What you are asked to do → The whole listing is to be written out again exactly; the pictures are not.

Stored data →
++++++++
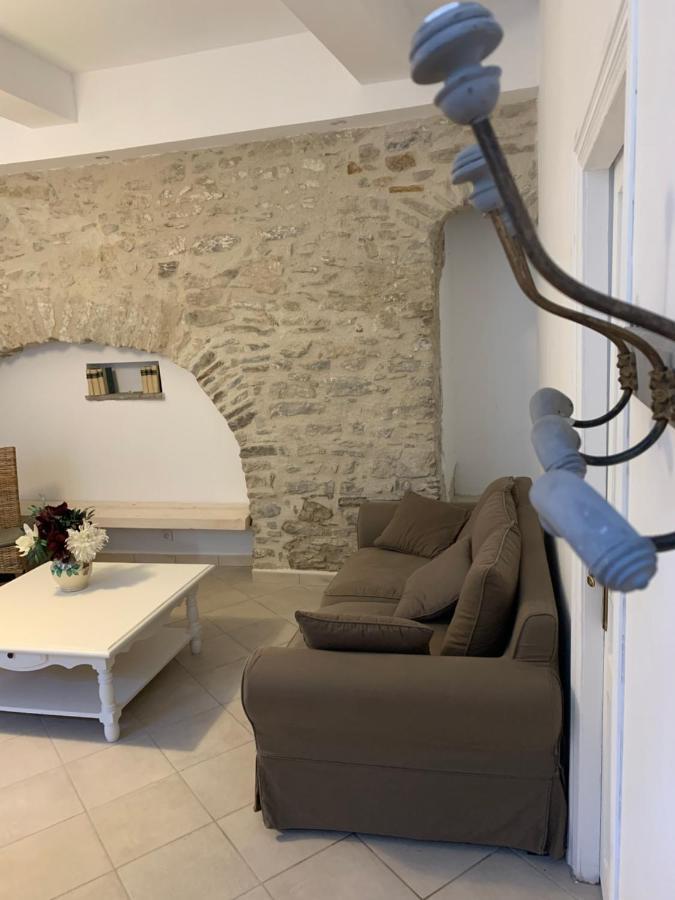La Maison De Leontine La Liviniere Buitenkant foto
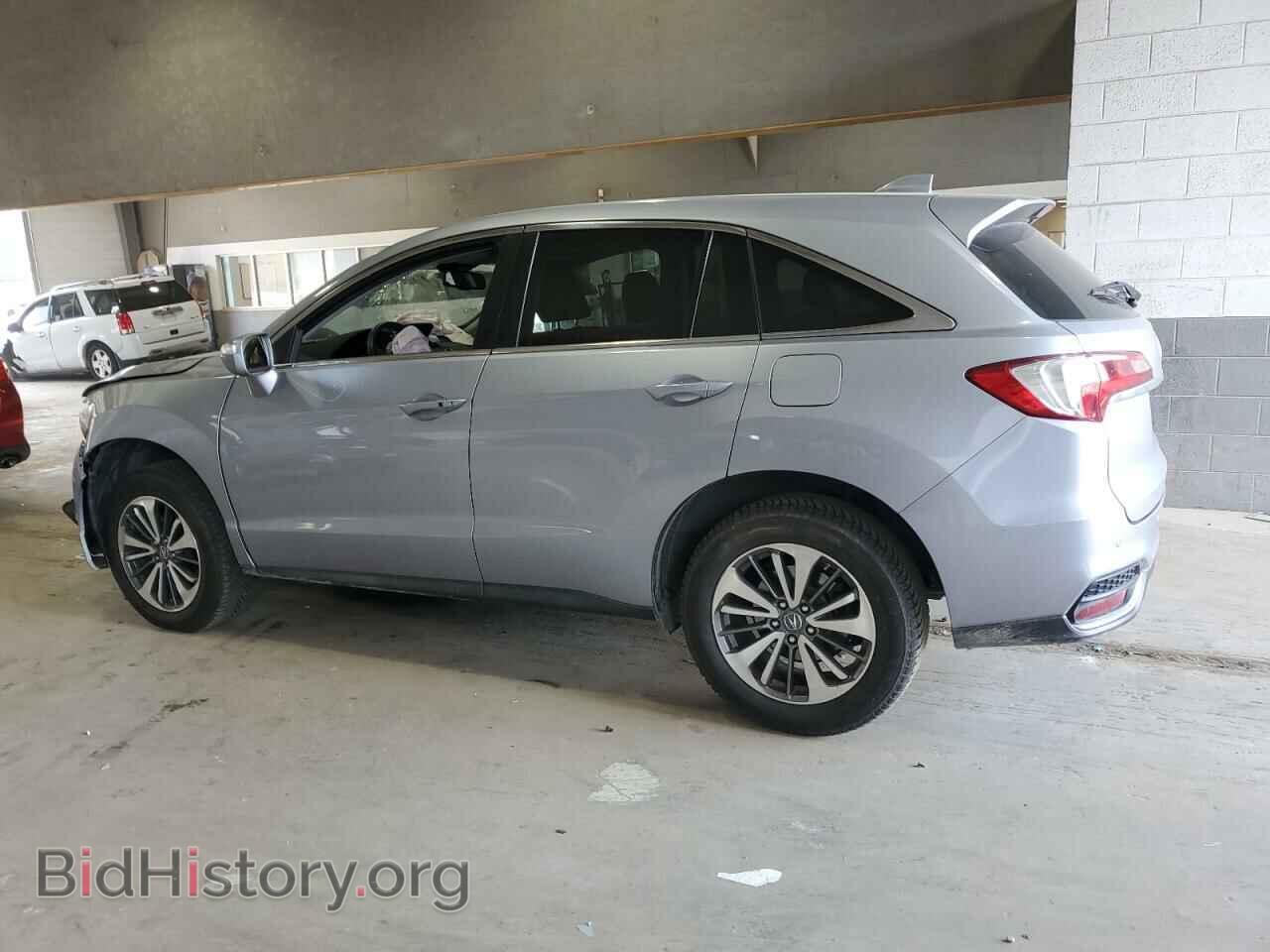 2016 ACURA RDX - VIN: 5J8TB4H75GL022277 - Фото 2
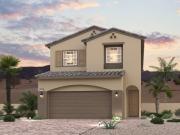 Brand New Home in Henderson, NV. 4 Bed, 3 Bath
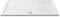 Balterley 1400 x 900 mm Rectangular Shower Tray, Slimline Shower Trays, Durable Stone Resin Base Trays for Bathroom Enclosure Cubicle, Lightweight Rectangular Tray for Wetroom Showers (White)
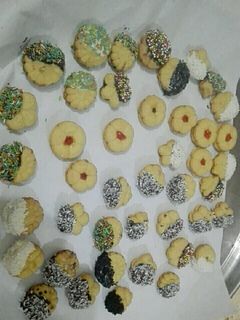 صورة لوصفة بيتي فور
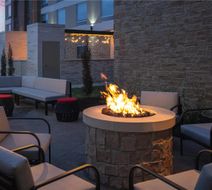 Home2 Suites Spring Hill Exterior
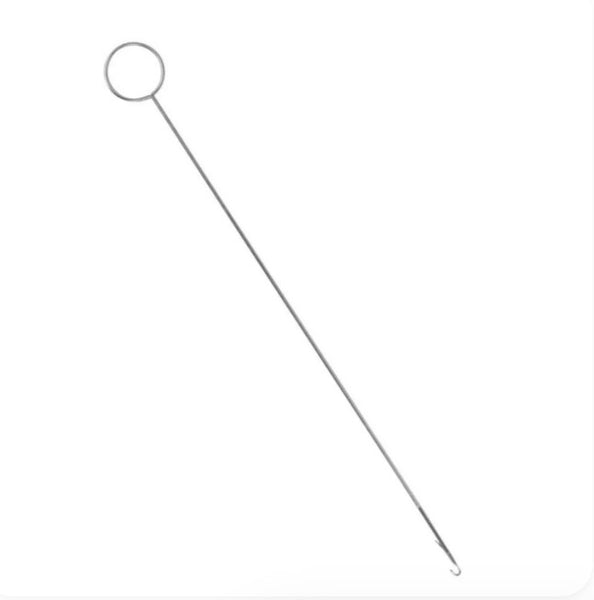 Drawstring Threader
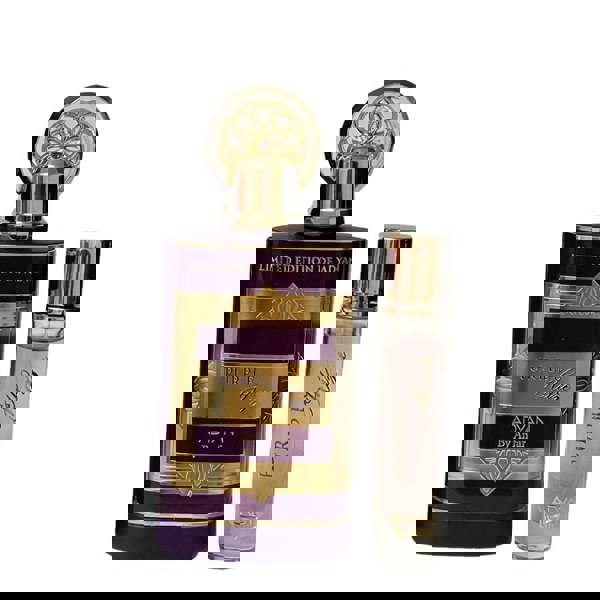 Adyan Purple Haze Extrait de Parfum 100ml and travel spray set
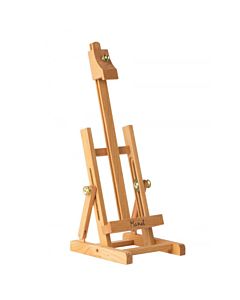 Manet Table and Display Easel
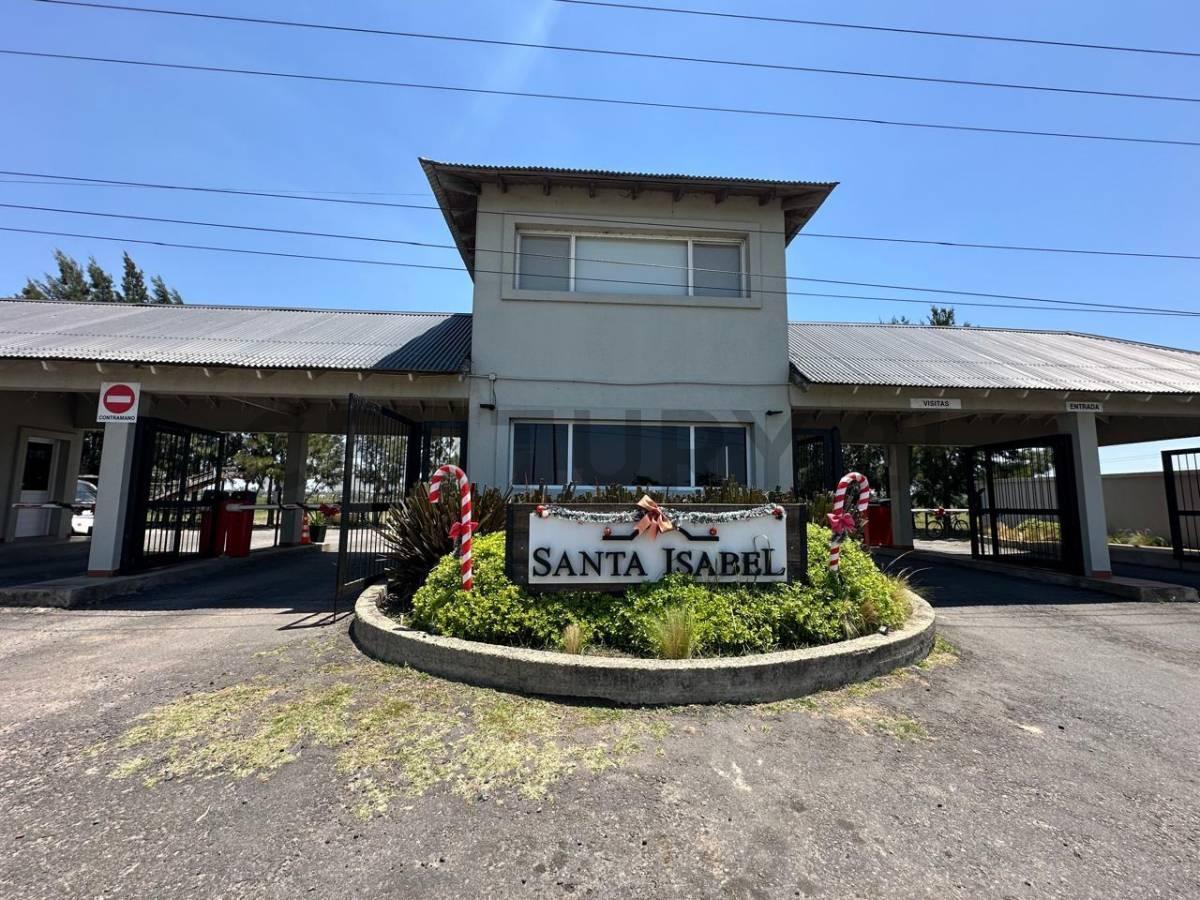 Foto de Oportunidad Venta Lote de 605 m² en Barrio Santa Isabel ETAPA 2, imagen 5
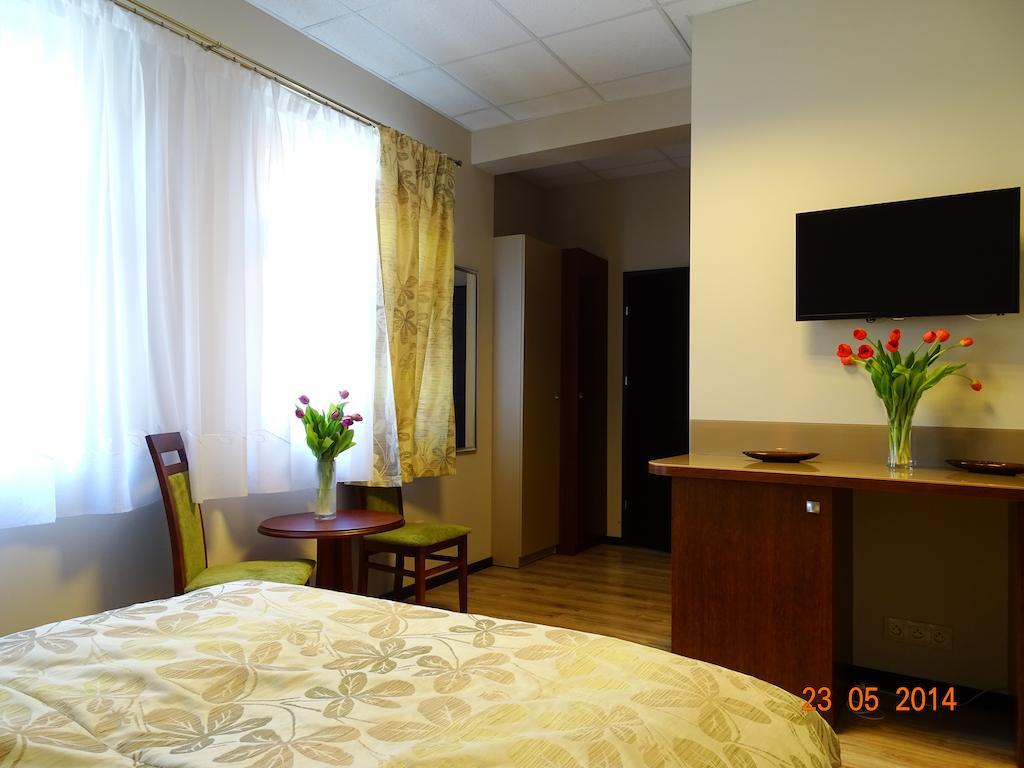 Apartamenty W Ustce Ustka Værelse billede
++++++++
Expected answer →
La Maison De Leontine La Liviniere Buitenkant foto
 2016 ACURA RDX - VIN: 5J8TB4H75GL022277 - Фото 2
 Brand New Home in Henderson, NV. 4 Bed, 3 Bath
 Balterley 1400 x 900 mm Rectangular Shower Tray, Slimline Shower Trays, Durable Stone Resin Base Trays for Bathroom Enclosure Cubicle, Lightweight Rectangular Tray for Wetroom Showers (White)
 صورة لوصفة بيتي فور
 Home2 Suites Spring Hill Exterior
 Drawstring Threader
 Adyan Purple Haze Extrait de Parfum 100ml and travel spray set
 Manet Table and Display Easel
 Foto de Oportunidad Venta Lote de 605 m² en Barrio Santa Isabel ETAPA 2, imagen 5
 Apartamenty W Ustce Ustka Værelse billede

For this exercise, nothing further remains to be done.